The three periods of regulation were like a flashback to what the NHL was like before the 2004-05 lockout. The game featured very few scoring chances because neither team was able to use its speed and generate rushes - at least after the Devils made it 1-0.
That happened 1:49 into the game after Colin White and John Madden broke in on a 2-on-1. Toskala stopped the first chance, but was down and out when defenceman Jeff Finger accidentally cleared the puck onto Rupp's stick. He promptly scored his third goal of the season.
The 1-0 advantage held for the next 25 minutes as the teams settled into a defensive, low-energy lull. It began to lift early in the second period as the Maple Leafs started getting some chances and Antropov eventually broke through.
The big winger skated across the crease and shovelled a rebound behind Clemmensen at 7:24 for his team-leading 11th goal of the season.
After Williams put the Leafs up 2-1, Parise tied it with a power-play goal on a weird play late in the second period. He drove hard to the net and had the puck deflect off his visor and in.
Neither team was able to get the winner in the third period or overtime. The shootout efforts of Williams, Blake and Toskala helped ensure a better ending than most for the home fans.
"I was a little bit nervous," said Williams. "I've done that move a ton in practices and in games. It was something that (coach Wilson) showed a little bit of confidence in me and I'm glad I came through."

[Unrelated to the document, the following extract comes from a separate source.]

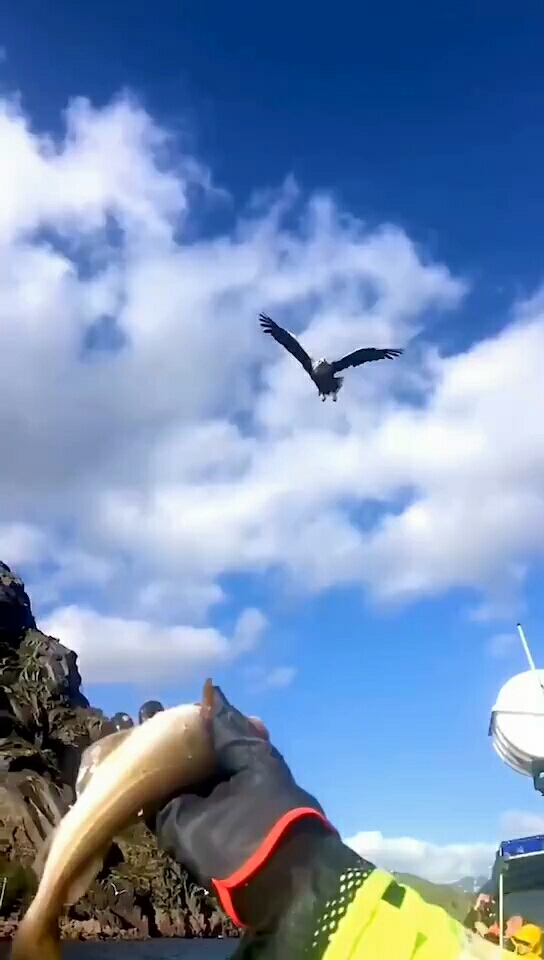 难得看到雄鹰展翅高飞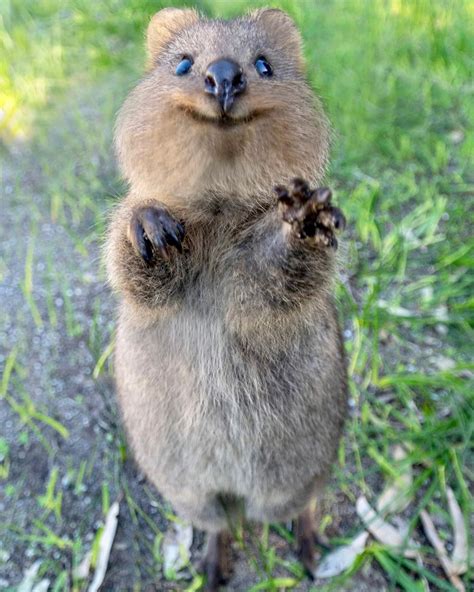 a small animal standing on its hind legs with it's paws up in the air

The Maple Leafs head out for a three-game road trip that starts Thursday night against the conference-leading Boston Bruins. Little was expected of the talent-thin team this season, so some might be surprised to see them sitting at .500 through 30 games.

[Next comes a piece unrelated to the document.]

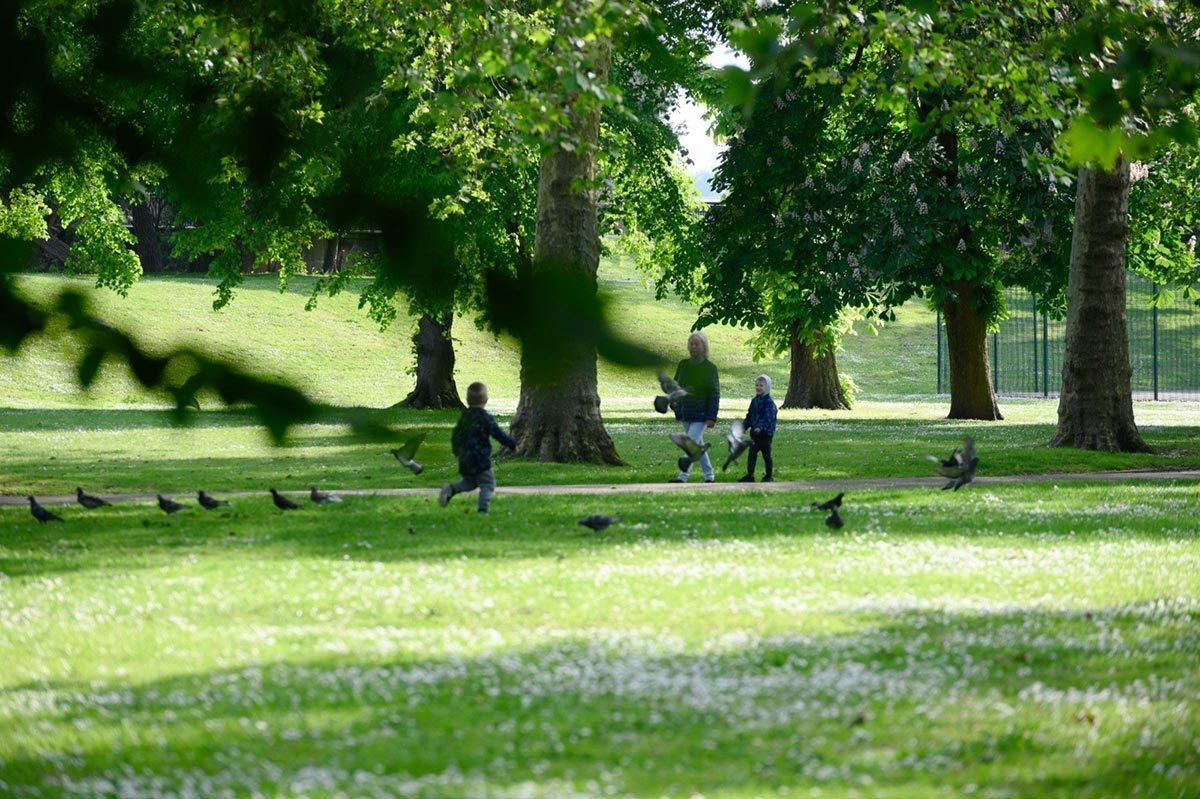 Pigeons in Beckton park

Wilson certainly isn't in the camp.
"That's basically the line for mediocrity to me," he said.
Notes: Announced attendance was 19,315 ... The Devils are 10-7-1 since Brodeur went down ... Toskala started his ninth straight game ... Patrik Elias had an assist on New Jersey's second goal to extend his points streak to seven games ... Toronto was without Luke Schenn (knee), Niklas Hagman (concussion), Jonas Frogren (arm) and Jamal Mayers (hand) ... Brodeur, Andy Greene (hand) and Sheldon Brookbank (healthy) sat out for New Jersey ... The Devils play at Buffalo on Wednesday.